La Fillon s'avança vers la porte, mais au moment où elle s'apprêtait à sortir, l'huissier entra.
- Monseigneur, dit-il, c'est un brave homme qui demande à parler à Votre Eminence.
- Et quel est ce brave homme, imbécile ?
- Un employé de la Bibliothèque royale, qui dans ses moments perdus fait des copies.
- Et que veut-il ?
- Il dit qu'il a une révélation de la plus grande importance à faire à Votre Eminence.
- C'est, quelque pauvre diable qui demande un secours ?
- Non, monseigneur, il dit que c'est pour affaire politique.

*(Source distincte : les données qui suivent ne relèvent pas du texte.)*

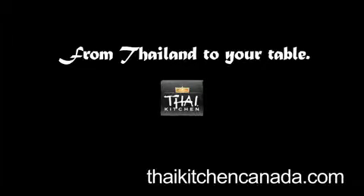Thai Kitchen, from Thailand to your table. I'm Emily here with Chef Michael from McCormick, makers of Thai Kitchen.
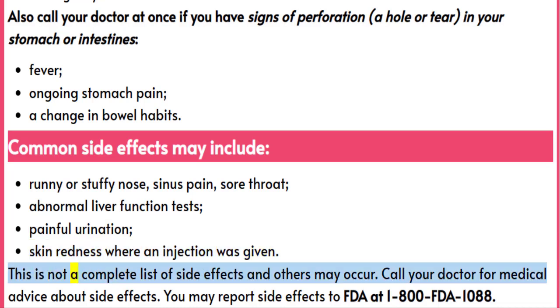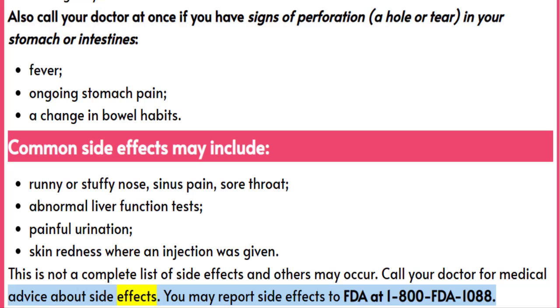This is not a complete list of side effects and others may occur. Call your doctor for medical advice about side effects. You may report side effects to FDA at 1-800-FDA-1088.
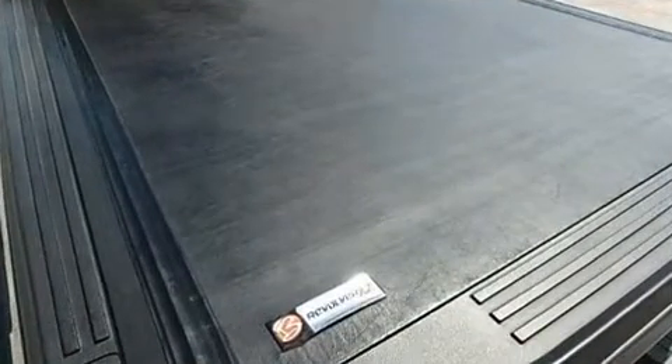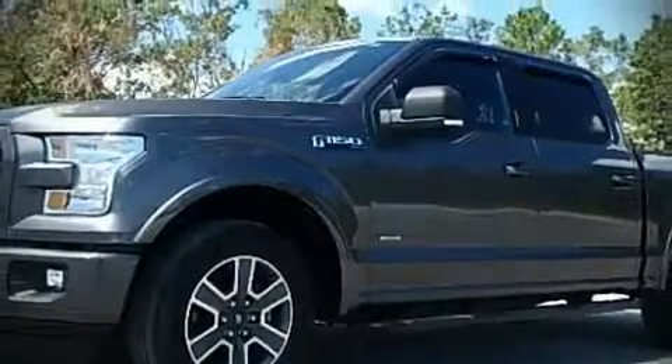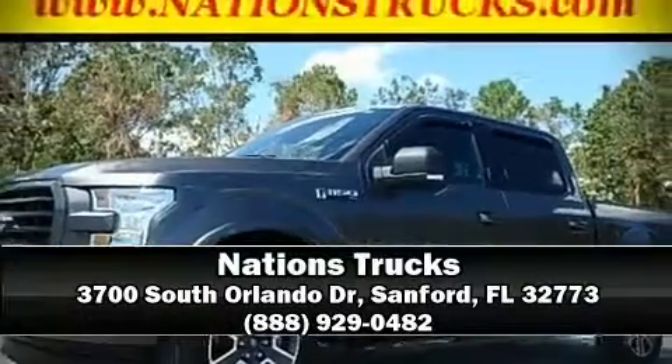A Carfax history report indicates just one previous owner. Stop by our dealership or give us a call for more information.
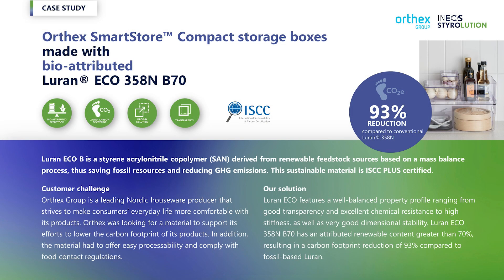That's one of the reasons why we have already launched more than 50 bio-attributed eco-grades. For example, this storage box is made of Luran Eco B70.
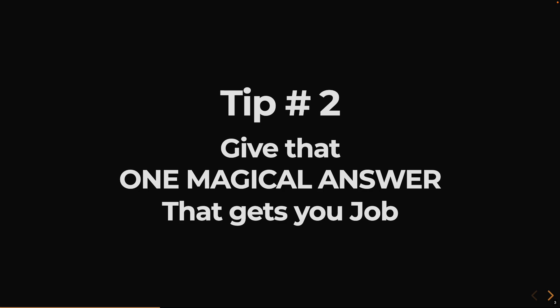Tip number two: give that one magical answer that gets you the job. Usually the first 15-20 minutes almost decide whether you are going to get through the interview or not. If the interviewer asks you about a concept that you really know, grab that opportunity and give a fantastic answer that makes the interviewer realize you have a very strong understanding of it. Explain the pros and cons of the approach, because there is no silver bullet in software development.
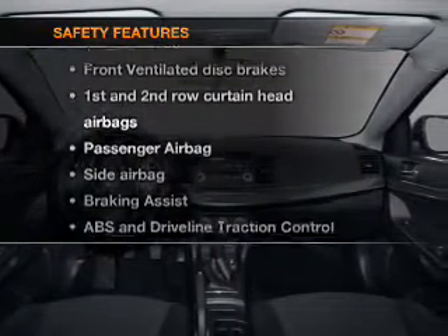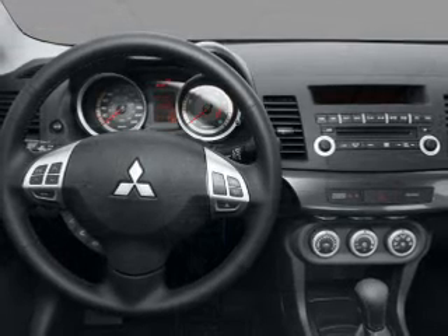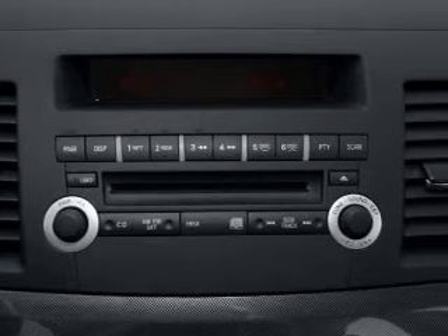And for your peace of mind, the following safety equipment is included: front ventilated disc brakes, passenger airbag, side airbag, curtain head airbags, and stability control. Our website offers more information on all of our vehicles.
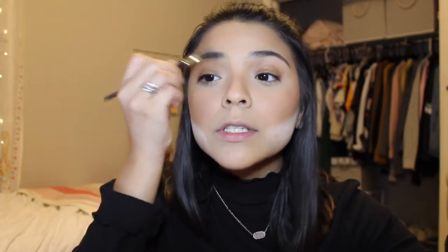I use the Revlon ColorStay Brow Pencil in Dark Brown. It's actually a little dark for my brows, but I go in with a really light hand because this product is super creamy — if you get it, I recommend a light hand. It works well though. Then I go in with a little concealer just to clean them up.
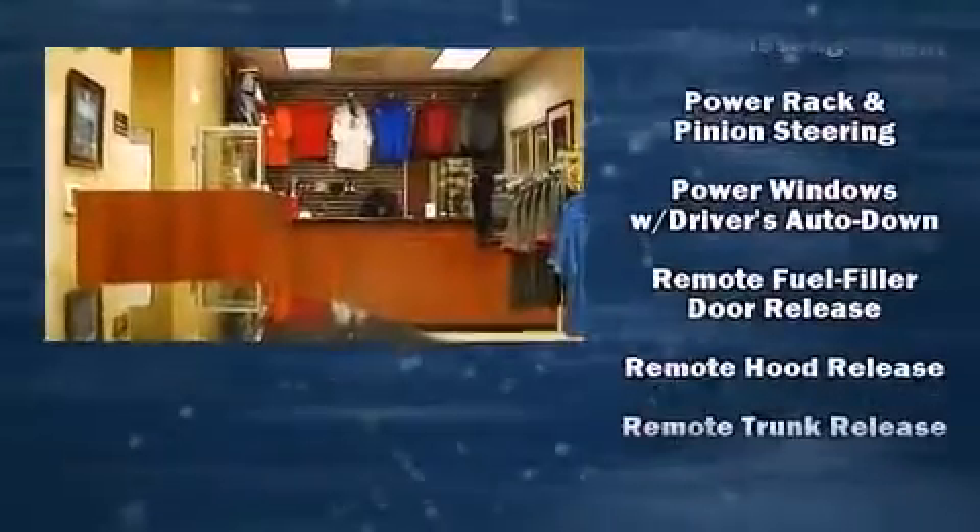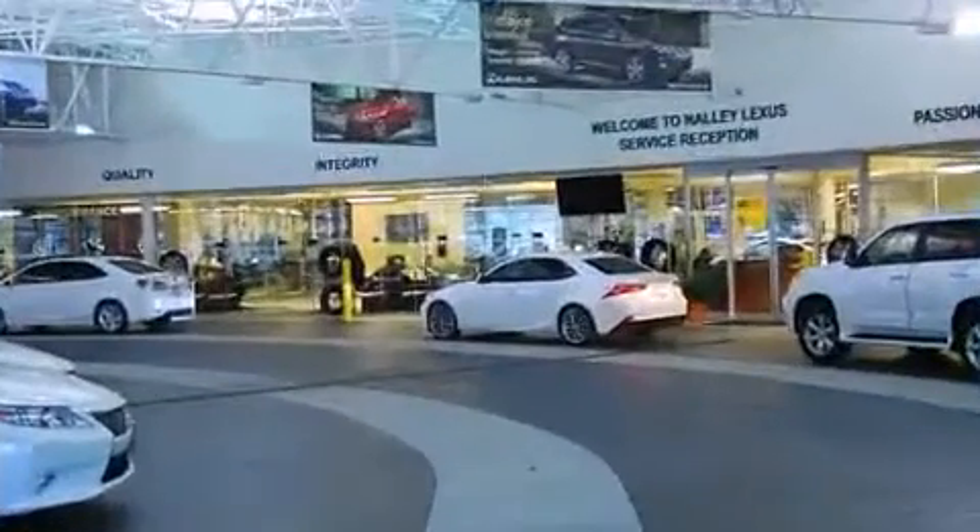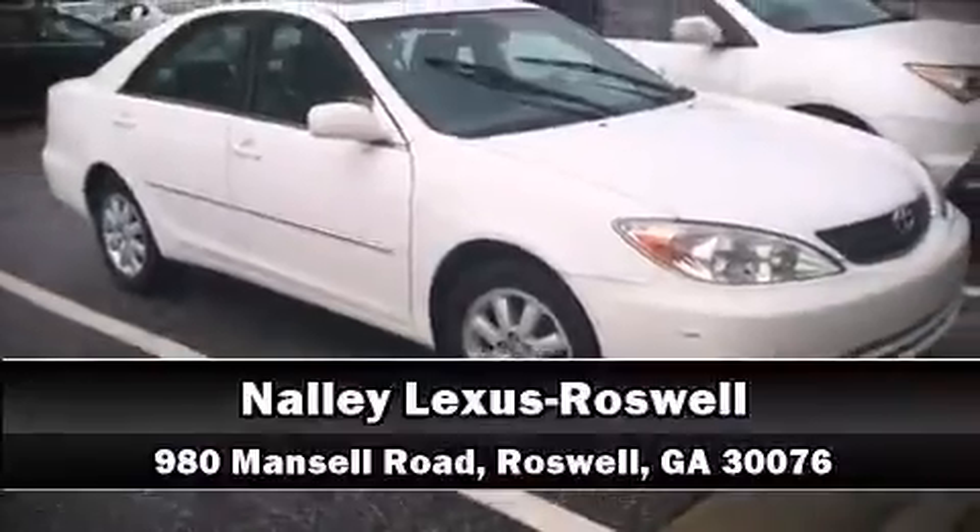It also arrives with a Carfax history report, providing you peace of mind with detailed information. Our team is professional and we offer a no-pressure environment. Call now to schedule a test drive.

- Diable ! Relative à quoi ?
- Relative à l'Espagne.
- Fais entrer alors. Et toi, ma commère, passe dans ce cabinet.
- Pourquoi faire ?
- Eh bien ! si mon écrivain et ton capitaine allaient se connaître, par hasard.
- Tiens dit la Fillon, ce serait drôle.
- Allons entre vite.
La Fillon entra dans le cabinet que lui indiquait Dubois.
Un instant après l'huissier ouvrit la porte et annonça monsieur Jean Buvat.
Maintenant, disons comment cet important personnage de notre histoire avait l'honneur d'être reçu en audience particulière par monseigneur l'archevêque de Cambrai.